The state has built 2 marinas,  but low water has forced closure of the one at Antelope Island, and the one on the south shore can now only handle shallower draft boats. The bulk of any other development has been industrial. The west side of the lake has become the domain of the mineral extraction folks, mostly via giant evaporation ponds.

When I was a kid my family moved to Utah from Oregon. I had loved small boats even back then and just restored an old homebuilt flat-water kayak I got from a buddy. The first thing I noticed when I looked at the map of Utah was this giant lake right next to town! This was going to be great. I didn’t drive yet but it was so close to my home I planned to build a little trailer for the kayak and tow it to the lake with my bike.  But when we got here, I fell in love with the mountains, climbing and hiking and skiing became my passions for the next 35 years, and the lake and the kayak were forgotten.  I think my dad hauled it to the dump when I was away at college.

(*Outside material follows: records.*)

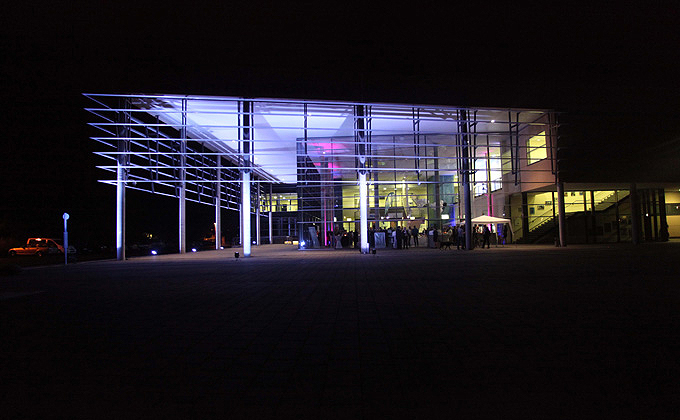 Lipperlandhalle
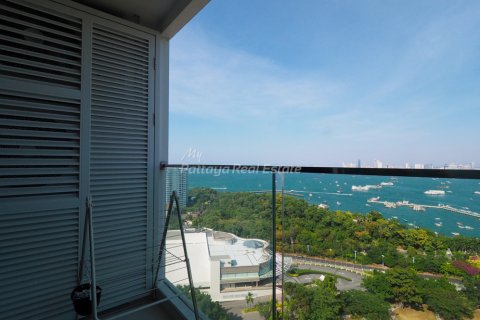 Condo in Bang Lamung, Thailand, 2 bedrooms № 67534 - photo 18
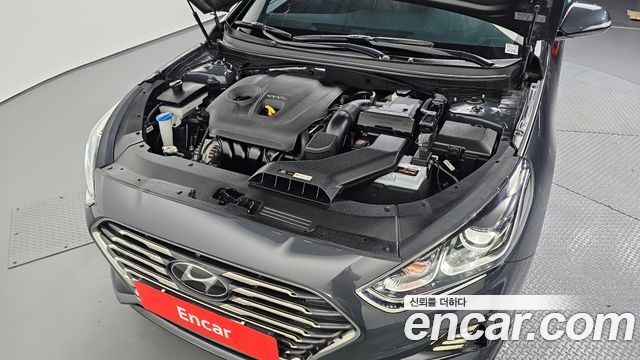 Hyundai Sonata 2018 — photo 6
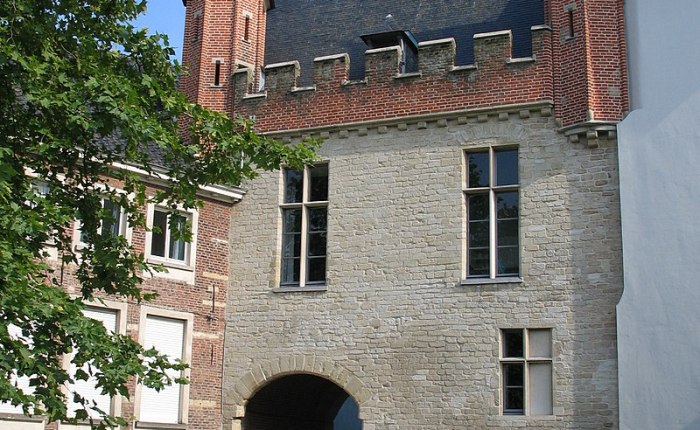 25 jaar geleden: Prinsenhof houdt het gezellig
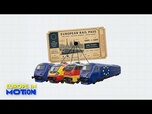 Replay Quels pays de l'UE dominent le transport ferroviaire de passagers ?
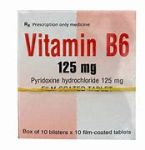 Vitamin B6  liên doanh Mỹ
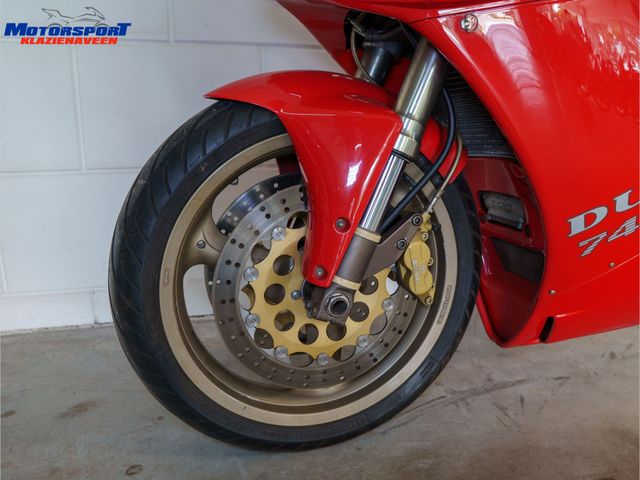 ducati - 748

When I got into sailing a few years ago, I met several folks with sailboats out on GSL. The few times I went out with them were fun, but there didn't seem to be anywhere cool to go, and everybody just seemed to go out, sailed around in circles, watched the depth gauge and made sharp U turns when they hit shallow water again and again and again, have a glass of wine watching the sunset, and motor back in.  Not that any of that was bad, not just the sort of sailing exploring adventures I had in mind.  Then I met Josh Church recently and he said he had been out on many multi day cruises on the lake, anchoring out over-night, having a great time. It was true that there were vast sections that were too shallow for his 4 foot deep keel, and he had to anchor a few miles off shore of some islands, but he was out having a great time in a truly wilderness setting.  Talking to Josh I realized that the GSL would be perfect for my kayak. I could hop from island to island, sail in water as little as 6" deep, pull up on shore, camp in wonderful secluded desert wilderness.  Just like Baja.  OK, sure. It is missing the sea life, the whales, the dolphins, the pelicans, the wonderful "south of the border" charm, people, music and food, but it is still an amazing place to enjoy a grand wild adventure, loving the desert, the seclusion, the magnificent mountain vistas across sparkling water.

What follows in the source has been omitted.